Article II, Section 2 of the Constitution describes the relationship between the president and the Senate in appointing Supreme Court nominees: The president, “by and with the Advice and Consent of the Senate, shall appoint Ambassadors, other public Ministers and Consuls, Judges of the supreme Court, and all other Officers of the United States.” If the nominee is not approved by the Senate, he or she does not serve as a justice.
“Notice that the Senate is not required to give its ‘advice and consent,’” Ilya Somin, a law professor at George Mason University Antonin Scalia Law School, wrote in The Washington Post in 2016. “So long as the Senate has established rules that allow it to refuse to vote on a nominee, it can do so.”
Michael D. Ramsey, a law professor at the University of San Diego Law School, pointed out in The Atlantic in 2016 that the Senate often does not formally act on judicial nominees for lower courts. He wrote that in the case of Garland, senators had, in a sense, considered the nominee by refusing to act. “They have thought about it and decided that formal action should wait until after the presidential election.”
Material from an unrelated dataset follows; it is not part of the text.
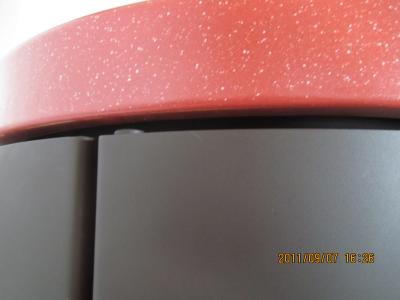 Kratzer an Tür oben an Steinplatte Kratzer an Tür oben an Steinplatte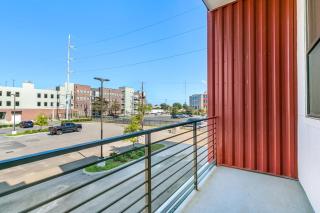 Modern 4BR Villas with Amenities - New Orleans - 9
A 2011 Congressional Research Service report noted that several Supreme Court nominees never received a floor vote. Thirteen nominations never reached the Senate floor and another 13 that reached the floor never received a final vote. (RELATED: Has Trump Appointed 1 In Every 8 Circut Court Judges?)
For example, the Senate Judiciary Committee failed to vote on George W. Bush’s nomination of Harriet E. Miers to the Supreme Court in 2005 before her nomination was withdrawn. Miers faced criticism from people in both parties for her limited experience in constitutional law and for her close relationship with Bush. In a few instances in the 1800s, the Senate postponed or tabled votes on Supreme Court nominees with no further action.
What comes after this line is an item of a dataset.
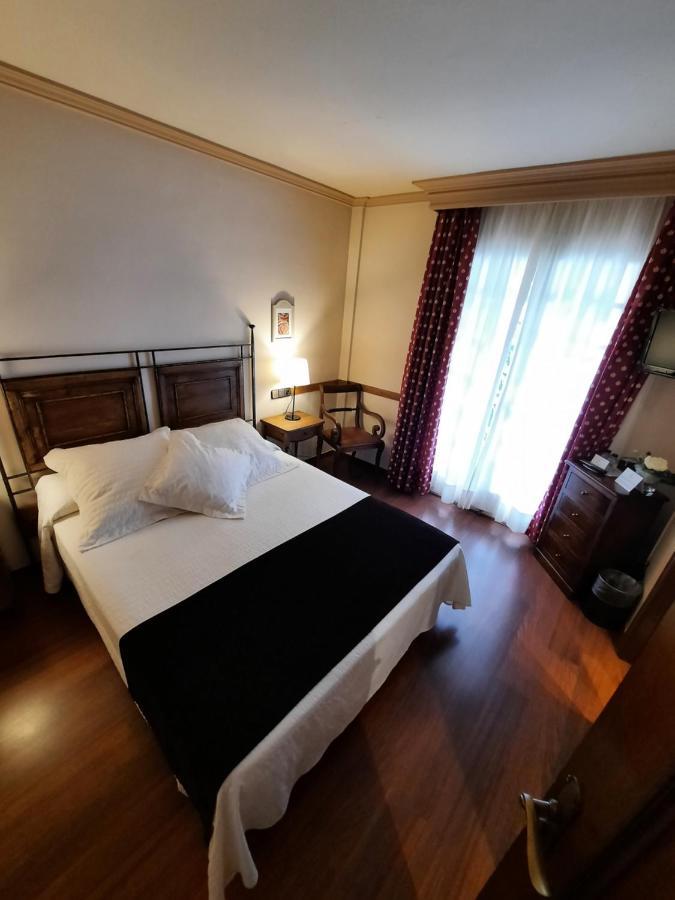 Hotel Edelweiss Camprodon Exterior foto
“Nothing in Senate rules, procedures, or practice requires that the Senate proceed to a final vote on a nomination,” the CRS report said, but noted that “in most instances it has done so.”
HuffPost later corrected the article. It now says that the arguments to delay action on Supreme Court confirmations “are silly because the Senate is supposed to provide ‘advice and consent’ on a president’s nominees, and both parties interpret that to mean whatever they want depending on who is the majority.”